Developing talent within your modern workplace means more than the feedback given in an annual performance review or building a company culture that nurtures a strong executive team. While these things are important, they won’t compel your employees to stay at their jobs and become leaders in your organization.
According to Gallup, when employees make the decision to advance their careers, only 7% do so with their current employer. Many companies struggle when it comes to keeping their best employees engaged, but making an investment in their development could provide a significant advantage when it comes to retention.
What is leadership coaching?
Leadership coaching provides opportunities for individuals to work with a coach to develop professionally through a long-term, one-on-one model that is tailored to their specific goals and development needs.
Coaching is a highly personalized form of professional leadership development with an action-oriented approach. Coaches partner with coachees to increase self-awareness, generate insights and level up thinking that can lead to a lasting mindset and behavior shifts with impact on company performance. Coaches may use a combination of questions, tools, frameworks and content to personalize the learning experience for each person.
Traditionally, companies engage a coach when a CEO or other high-level executive needs to work on certain leadership skills, such as understanding how they are perceived by colleagues and direct reports, how to communicate more effectively, setting strategy and driving alignment among teams. Most often, they come away from the engagement a more capable leader.
However, due to these three primary shifts in workforce trends and technology, leadership coaching is increasingly becoming the go-to model for development at all levels:
- The workforce is younger and hungry for growth
Millennials, who have the largest share of the U.S. labor market, view their place of employment as a source of professional and personal development. They are less motivated by money and more by finding a sense of purpose in their jobs and careers. They want to work for companies that offer a mission-driven, people-first culture rather than some place where they can put in their 9-to-5 and cash their paycheck at the end of the week. A Gallup report found that 59 percent of Millennials seek career opportunities that will enable them to continually learn and grow, compared to just 44 percent of Gen Xers and 41 percent of Baby Boomers.
This means companies that want the best talent need to put their people first and invest in their employees’ personal and professional growth, or risk losing them.
A good coach not only addresses how to become a better manager, but also how to grow and evolve as a leader and an individual. They offer new perspectives to shift a person’s entire way of thinking, leading to greater self awareness, better habits, and closer interpersonal relationships.
- More mid-level employees are being placed into management roles
When companies grow quickly, they promote and hire new talent to keep up with the demand, but often forget to provide the necessary training and guidance for new managers to effectively lead teams.

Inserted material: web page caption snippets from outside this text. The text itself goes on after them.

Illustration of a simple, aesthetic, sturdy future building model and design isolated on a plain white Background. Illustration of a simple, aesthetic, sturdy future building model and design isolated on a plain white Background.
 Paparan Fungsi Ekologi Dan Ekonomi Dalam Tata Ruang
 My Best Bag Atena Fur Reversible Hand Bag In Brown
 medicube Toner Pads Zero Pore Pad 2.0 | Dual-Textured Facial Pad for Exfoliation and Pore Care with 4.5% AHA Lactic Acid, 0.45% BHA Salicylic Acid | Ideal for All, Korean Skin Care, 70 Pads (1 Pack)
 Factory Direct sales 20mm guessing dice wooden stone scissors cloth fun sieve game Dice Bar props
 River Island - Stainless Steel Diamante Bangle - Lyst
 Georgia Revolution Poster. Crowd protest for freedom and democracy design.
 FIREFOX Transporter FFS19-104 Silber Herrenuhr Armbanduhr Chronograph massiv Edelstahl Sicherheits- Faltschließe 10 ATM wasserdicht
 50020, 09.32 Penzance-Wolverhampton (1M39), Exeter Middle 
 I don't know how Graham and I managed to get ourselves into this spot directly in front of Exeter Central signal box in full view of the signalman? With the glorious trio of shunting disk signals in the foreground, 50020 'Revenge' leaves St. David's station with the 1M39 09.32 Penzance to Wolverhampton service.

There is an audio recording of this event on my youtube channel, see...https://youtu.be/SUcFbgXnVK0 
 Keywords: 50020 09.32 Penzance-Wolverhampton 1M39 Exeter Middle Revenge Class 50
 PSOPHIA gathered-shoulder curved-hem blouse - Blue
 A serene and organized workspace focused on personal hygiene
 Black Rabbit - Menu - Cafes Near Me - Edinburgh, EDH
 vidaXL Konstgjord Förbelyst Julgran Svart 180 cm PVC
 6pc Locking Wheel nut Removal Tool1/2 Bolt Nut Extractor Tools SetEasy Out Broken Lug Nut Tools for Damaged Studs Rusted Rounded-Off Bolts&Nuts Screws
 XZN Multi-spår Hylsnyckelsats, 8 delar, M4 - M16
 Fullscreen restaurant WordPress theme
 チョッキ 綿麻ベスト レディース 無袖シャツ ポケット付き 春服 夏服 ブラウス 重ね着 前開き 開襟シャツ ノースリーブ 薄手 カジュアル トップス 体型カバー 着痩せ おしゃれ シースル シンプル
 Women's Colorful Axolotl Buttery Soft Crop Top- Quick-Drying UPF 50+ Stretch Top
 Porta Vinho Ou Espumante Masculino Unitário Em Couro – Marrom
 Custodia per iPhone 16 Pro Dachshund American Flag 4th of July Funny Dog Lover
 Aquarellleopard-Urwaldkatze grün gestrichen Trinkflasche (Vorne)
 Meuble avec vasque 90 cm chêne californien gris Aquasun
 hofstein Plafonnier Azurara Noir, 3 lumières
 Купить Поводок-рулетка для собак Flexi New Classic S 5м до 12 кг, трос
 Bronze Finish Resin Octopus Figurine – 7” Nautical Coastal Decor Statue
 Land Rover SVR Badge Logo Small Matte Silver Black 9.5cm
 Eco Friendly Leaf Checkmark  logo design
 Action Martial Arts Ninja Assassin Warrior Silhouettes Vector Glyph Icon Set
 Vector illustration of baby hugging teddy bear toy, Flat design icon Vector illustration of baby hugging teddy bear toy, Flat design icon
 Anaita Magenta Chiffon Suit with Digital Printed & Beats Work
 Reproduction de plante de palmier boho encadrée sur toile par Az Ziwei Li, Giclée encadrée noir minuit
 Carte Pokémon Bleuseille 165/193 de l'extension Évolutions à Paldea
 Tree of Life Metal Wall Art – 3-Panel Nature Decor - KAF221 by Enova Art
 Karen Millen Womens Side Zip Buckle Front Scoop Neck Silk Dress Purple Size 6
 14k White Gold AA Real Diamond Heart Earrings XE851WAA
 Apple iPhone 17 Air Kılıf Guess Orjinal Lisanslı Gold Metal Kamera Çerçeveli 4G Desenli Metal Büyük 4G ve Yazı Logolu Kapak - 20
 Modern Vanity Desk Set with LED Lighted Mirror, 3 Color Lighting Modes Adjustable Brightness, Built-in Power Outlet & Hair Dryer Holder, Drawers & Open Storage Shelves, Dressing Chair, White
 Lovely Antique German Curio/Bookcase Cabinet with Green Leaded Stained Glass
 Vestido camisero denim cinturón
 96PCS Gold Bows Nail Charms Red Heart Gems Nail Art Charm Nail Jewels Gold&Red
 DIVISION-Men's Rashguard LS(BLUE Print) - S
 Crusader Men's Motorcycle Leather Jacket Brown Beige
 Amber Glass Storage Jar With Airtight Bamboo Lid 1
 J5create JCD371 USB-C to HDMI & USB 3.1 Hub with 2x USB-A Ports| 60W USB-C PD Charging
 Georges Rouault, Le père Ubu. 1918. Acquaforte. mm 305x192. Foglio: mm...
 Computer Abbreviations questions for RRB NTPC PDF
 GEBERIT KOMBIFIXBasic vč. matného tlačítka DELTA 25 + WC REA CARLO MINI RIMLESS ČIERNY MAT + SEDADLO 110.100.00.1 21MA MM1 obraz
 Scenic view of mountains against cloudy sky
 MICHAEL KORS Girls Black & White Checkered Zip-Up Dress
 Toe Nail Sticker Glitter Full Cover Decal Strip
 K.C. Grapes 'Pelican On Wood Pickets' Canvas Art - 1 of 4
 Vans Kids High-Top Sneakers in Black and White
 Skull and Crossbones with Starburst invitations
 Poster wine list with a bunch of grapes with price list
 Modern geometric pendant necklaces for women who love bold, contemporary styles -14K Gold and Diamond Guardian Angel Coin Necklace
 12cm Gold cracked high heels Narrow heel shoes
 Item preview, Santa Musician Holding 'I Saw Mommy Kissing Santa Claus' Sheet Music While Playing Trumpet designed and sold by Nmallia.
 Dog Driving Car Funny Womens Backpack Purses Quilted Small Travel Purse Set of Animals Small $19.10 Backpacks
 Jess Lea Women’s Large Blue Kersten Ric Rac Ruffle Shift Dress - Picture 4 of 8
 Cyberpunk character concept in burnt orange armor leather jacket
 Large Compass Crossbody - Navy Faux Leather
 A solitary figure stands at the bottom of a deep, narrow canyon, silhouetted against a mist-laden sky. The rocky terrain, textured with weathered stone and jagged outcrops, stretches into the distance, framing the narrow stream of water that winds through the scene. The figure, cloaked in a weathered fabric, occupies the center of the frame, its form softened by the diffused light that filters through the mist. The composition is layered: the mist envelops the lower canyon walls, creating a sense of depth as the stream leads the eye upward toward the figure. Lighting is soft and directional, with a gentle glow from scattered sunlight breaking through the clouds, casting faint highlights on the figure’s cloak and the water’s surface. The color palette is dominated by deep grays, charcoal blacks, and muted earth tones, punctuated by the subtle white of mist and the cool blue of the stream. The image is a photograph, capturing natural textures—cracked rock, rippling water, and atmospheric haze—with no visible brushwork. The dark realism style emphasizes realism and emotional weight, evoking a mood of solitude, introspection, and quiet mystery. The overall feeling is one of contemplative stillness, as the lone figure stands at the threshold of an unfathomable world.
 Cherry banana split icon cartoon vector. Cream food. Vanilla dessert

Promoting employees from within is not only cost effective, studies show their performance is better than that of external hires and they’re less likely to quit. Also, because they already know the company and are a proven culture fit, onboarding and new hire check-ins aren’t necessary.
However, a recent study showed that 44 percent of new managers felt unprepared and 87 percent wished they’d had more training before becoming a manager. New managers often face challenges such as resolving issues between teammates, motivating and evaluating employees, and finding the right resources to support them.
Coaching can address the problems a new manager might face by providing a neutral thinking partner who can help them work through these issues. Conflict resolution can trip up even the best managers, and a coach can help by working with the new manager to roleplay for tense situations such as when a team member gets promoted over her peers.
- The workforce is more distributed than ever before
The modern workforce now has the option to work from home and enjoy more flexible schedules. According to a Gallup survey released last year, 43 percent of employed Americans said they spent at least some time working remotely, a statistic that continues to increase over time. “Gallup consistently has found that flexible scheduling and work from home opportunities play a major role in an employee’s decision to take or leave a job,” the polling agency wrote in a report on those and other workplace findings.
With employees enjoying this perk of working from just about anywhere and at anytime, they remain connected to the workplace through technologies such as chat, video-conferencing and cloud services, enabling them to keep up with their responsibilities while enjoying the freedom to work on their own terms.
Gone are the days when a professional coach came to your office for a face-to-face meeting. No one has time for long, in-person meetings anyway. The technology that is used to help an employee be effective from home is the same technology that can provide a platform for scalable, one-on-one coaching on demand. Coaches are now able to provide coachees with advice via video conferencing, mobile apps or even over Slack. Think of it as a “coach in your pocket.”
Regardless of whether you need to keep Millennials engaged, support your new managers or ensure your remote workforce remains accessible, the bottomline for any organization looking to hold on to its most talented employees is to invest in their development. Employees at all levels can benefit from personalized coaching, and with the latest technology it’s possible to make this once exclusive perk available to everyone.